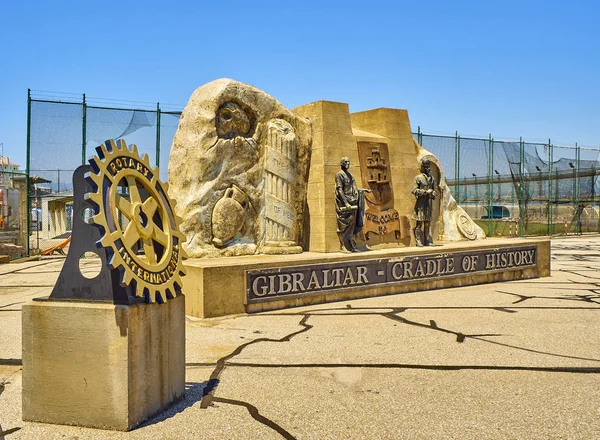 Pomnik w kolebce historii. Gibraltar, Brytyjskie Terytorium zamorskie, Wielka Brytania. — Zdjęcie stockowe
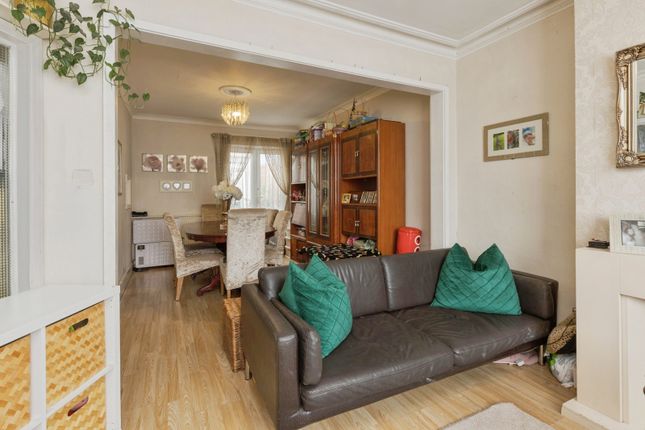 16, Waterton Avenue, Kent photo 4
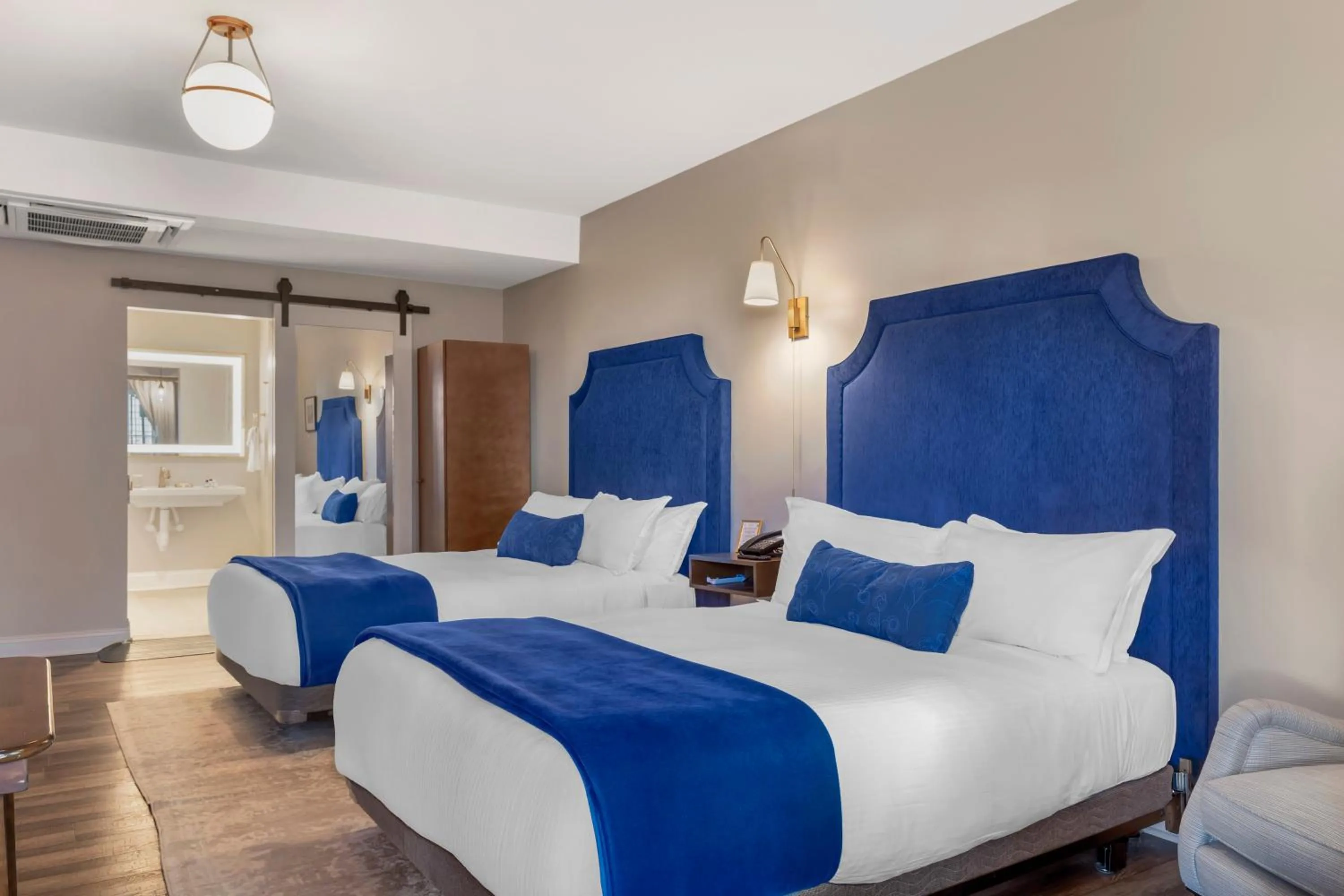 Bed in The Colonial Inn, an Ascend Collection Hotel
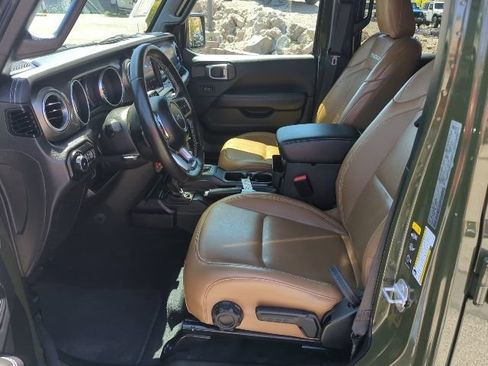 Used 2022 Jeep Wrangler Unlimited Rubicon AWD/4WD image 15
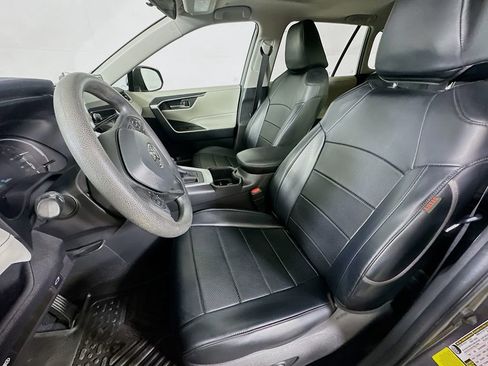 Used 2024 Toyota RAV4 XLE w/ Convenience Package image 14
────────────────
Exclude the pictures, then write out every record exactly as it stands.

» Solution to this task:
 Pomnik w kolebce historii. Gibraltar, Brytyjskie Terytorium zamorskie, Wielka Brytania. — Zdjęcie stockowe
 16, Waterton Avenue, Kent photo 4
 Bed in The Colonial Inn, an Ascend Collection Hotel
 Used 2022 Jeep Wrangler Unlimited Rubicon AWD/4WD image 15
 Used 2024 Toyota RAV4 XLE w/ Convenience Package image 14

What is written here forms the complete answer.